Some game offer dynamic difficulty that is modulated in some way by the player progression, or how well they are playing. I would suggest still considering selectable difficulties to offer the player more control over their experience.
One of the best things about difficulty settings is their potential for inexpensive cost. Changing a few numbers on a spreadsheet can create an entirely different experience for the player. Big AAA releases may take additional steps to further accentuate the difficulty differences (additional enemies, or types, additional objects, etc), often difficulty systems can be boiled down into simply number tuning. Cheap, easy to change and great for the player.
One game that has fully embraced modifiers (and not just difficulty settings) as a game mechanic is the Halo franchise. It’s Skulls (introduced in Halo 2) provide additional, unique challenges for players when switched on. They are an excellent example of modifiers because they they touch so many player inputs, and game outputs.
Scattered across the game’s levels, Skulls need to be found first before they can activated. This challenges a player’s curiosity, their 3 dimensional spatial understanding, and often their mastery over the game’s exploration mechanics (primarily jumping and crouching). Once activated, these Skulls often provide much higher levels of difficulty for the player, (e.g. All NPC’s health is doubled) and additional score multiplier rewards, providing a solid risk/reward incentive. They often challenge the player’s mastery over the base control and shooting mechanics, but also request them to play in a specific style to be successful (e.g. No auto-shield regeneration. Only melee attacks cause shields to recharge). This helps the player understand the depth and value of your core mechanics. If they’re good players will truly appreciate them with modifiers.
The Whimsy of Uncharted 4
Modifiers don’t need to be anything other than a whimsical addition. ‘Big head mode’ has been featured in many games and will continue to fuel our love of all things disproportionate.

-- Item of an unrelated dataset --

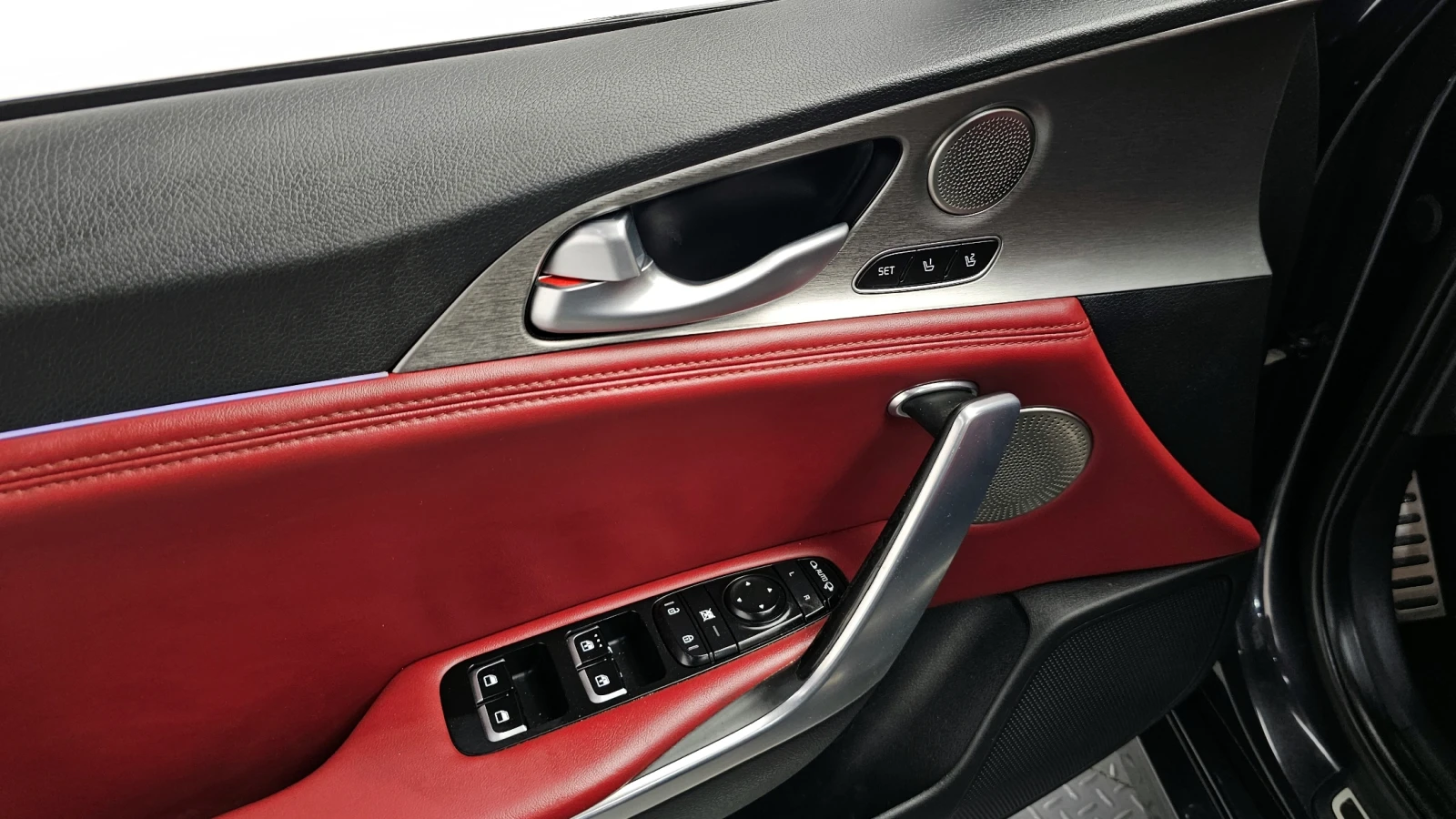 Kia Stinger TURBO GT* AWD* ОБДУХ* DIS* 360* HEAD-UP* КРАЙНА ЦЕ, снимка 15 - Автомобили и джипове - 55042452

Recently, Uncharted 4 has created an impressive list of aesthetic (and gameplay focused additions) that can be combined to hilarious and unique effect.
Modifiers – an amazing return on investment
As game developers we spend a lot of time balancing the game through many different methods for the perfect player experience. Providing the player the tools to modify the experience to their liking can be scary for us, but can provide so much value to the player: they should never be ignored. Especially if your modifiers are damage or health values (of the player’s avatar or NPC enemies) they can be an extremely inexpensive way to achiever a variety of results in your title, appeal to more people who want a different challenge experience, or simply want to explore your title in surprising ways.